● **TASK INPUT**
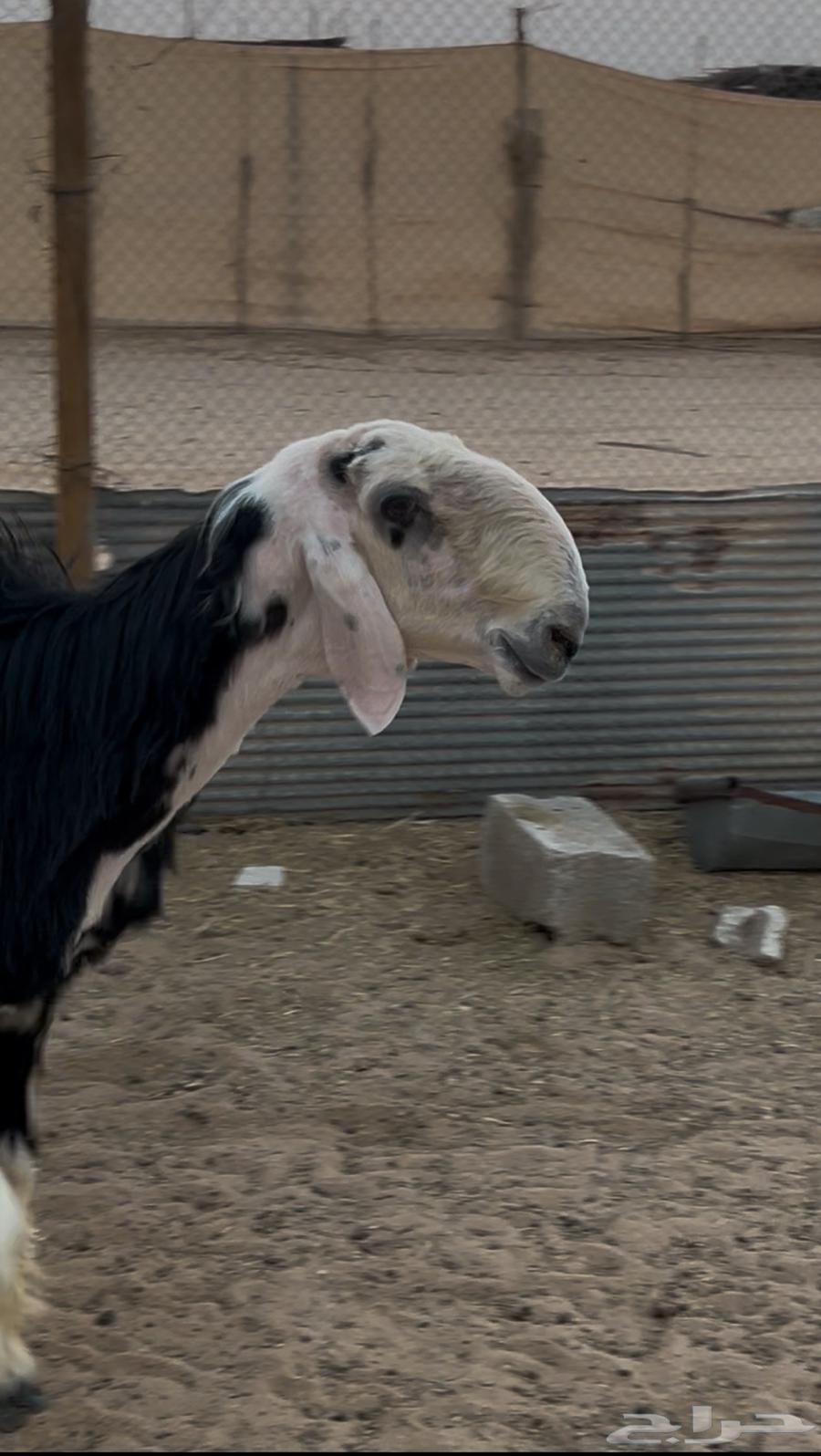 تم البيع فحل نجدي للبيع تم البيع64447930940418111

* * *

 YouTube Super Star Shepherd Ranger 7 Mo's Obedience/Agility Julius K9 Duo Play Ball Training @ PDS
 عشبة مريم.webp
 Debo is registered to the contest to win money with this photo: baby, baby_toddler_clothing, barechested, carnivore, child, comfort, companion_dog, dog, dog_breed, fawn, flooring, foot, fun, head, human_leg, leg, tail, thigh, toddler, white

● **ASSIGNMENT**
Output only an exact transcription of the lines above from the one with "YouTube Super Star" up to and including the one with "عشبة مريم.webp".

● **ANSWER TO THIS EXERCISE**
 YouTube Super Star Shepherd Ranger 7 Mo's Obedience/Agility Julius K9 Duo Play Ball Training @ PDS
 عشبة مريم.webp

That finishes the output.